Partijen zijn op [datum] in [plaatsnaam 2] met elkaar gehuwd.
2.2.
Zij zijn de ouders van twee minderjarige kinderen.
2.3.
De man en de vrouw hebben de Nederlandse nationaliteit.

3.De beoordeling

3.1.
Opheffing van de huwelijksgemeenschap
3.1.1.
De vrouw verzoekt de huwelijksgemeenschap op te heffen. Zij stelt dat de man, haar echtgenoot, op lichtvaardige wijze schulden maakt en legt ter onderbouwing daarvan een schuldenoverzicht over.
3.1.2.
De man refereert zich aan het oordeel van de rechtbank.
3.1.3.
Op grond van artikel 1:109 van het BW kan een echtgenoot opheffing vragen van de huwelijksgemeenschap, wanneer de andere echtgenoot op lichtvaardige wijze schulden maakt, de goederen van de gemeenschap verspilt, handelingen verricht die kennelijk indruisen tegen het bestuur van de andere echtgenoot over de goederen van de gemeenschap, of weigert de nodige inlichtingen te geven over de stand van de goederen van de gemeenschap en van de daarop rustende verhaalbare schulden en het over die goederen gevoerde bestuur.
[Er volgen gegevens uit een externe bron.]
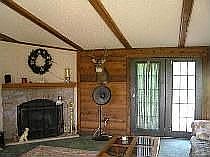 Fireplace , French Doors, Fabulous Living Space.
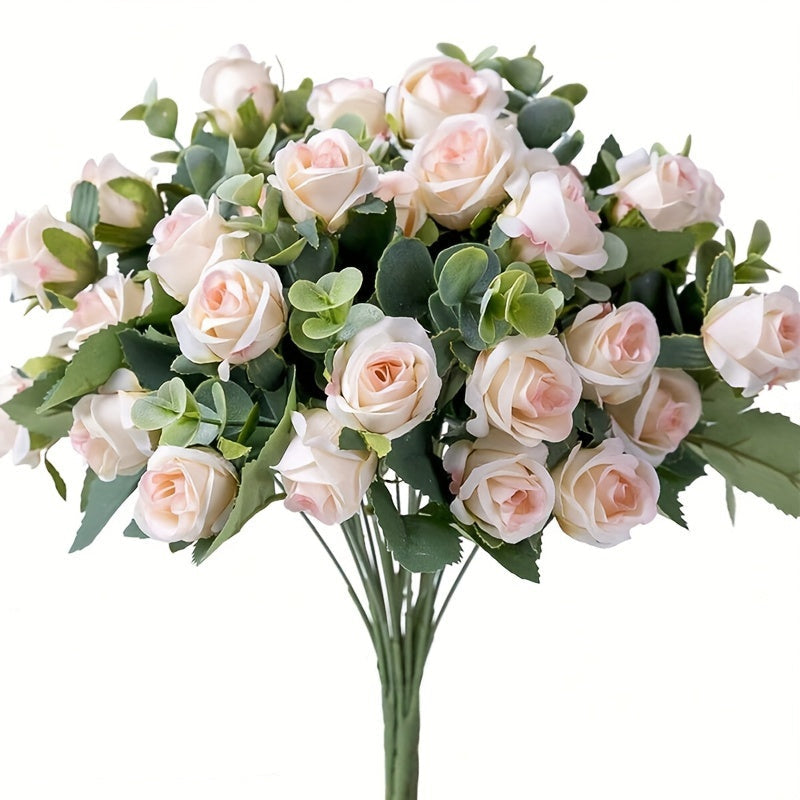 Floriva | Realistisch kunstrozenboeket – Onderhoudsvrije bloemen voor uw interieur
Op grond van artikel 1:99 lid 1 onder d BW wordt bij toewijzing van het verzoek tot opheffing van de gemeenschap de gemeenschap ontbonden op het tijdstip van indiening van het verzoek.
3.1.4.
De rechtbank zal het verzoek van de vrouw, als niet weersproken en op de wet gegrond, toewijzen. De man is ondernemer en gebleken is dat hij een aantal jaren geen aangifte heeft gedaan bij de Belastingdienst, zodat zij ambtshalve aanslagen hebben opgelegd. Recent is de onderneming failliet verklaard. De mogelijkheid bestaat dat de curator de man als bestuurder aansprakelijk wil gaan stellen voor de financiële situatie van de onderneming. Al met al blijkt hieruit dat de man lichtvaardig schulden maakt of heeft gemaakt en handelingen heeft verricht die kennelijk indruisen tegen het bestuur van de andere echtgenoot over de goederen van de gemeenschap. De vrouw is voornemens om ook afstand te doen van de huwelijksgemeenschap.
3.2.
Proceskosten
Gelet op de aard van de procedure zal de rechtbank bepalen dat elk van de partijen de eigen kosten draagt.

4.De beslissing

De rechtbank:
4.1.
heft met ingang van 13 februari 2024 op de huwelijksgemeenschap van partijen, getrouwd op [datum] in [plaatsnaam 2] ;
4.2.
verklaart deze beschikking tot zover uitvoerbaar bij voorraad;
4.3.
compenseert de proceskosten aldus dat iedere partij de eigen kosten draagt;
4.4.
wijst af het meer of anders verzochte.
Deze beschikking is gegeven door mr. H.C.A. de Groot, rechter, en in het openbaar uitgesproken in aanwezigheid van mr. J. Veldthuis, griffier, op 5 juni 2024.
Tegen deze beschikking kan – voor zover er definitief is beslist – hoger beroep worden ingesteld bij het gerechtshof Den Haag. Het hoger beroep kan slechts worden ingesteld door een advocaat.
Door verzoeker en degenen aan wie een afschrift van de beschikking is verstrekt of verzonden moet het hoger beroep worden ingesteld binnen drie maanden na de dag van de beschikking. Voor andere belanghebbenden geldt voor het instellen van hoger beroep een termijn van drie maanden na de betekening van de beschikking of nadat de beschikking hun op andere manier bekend is geworden.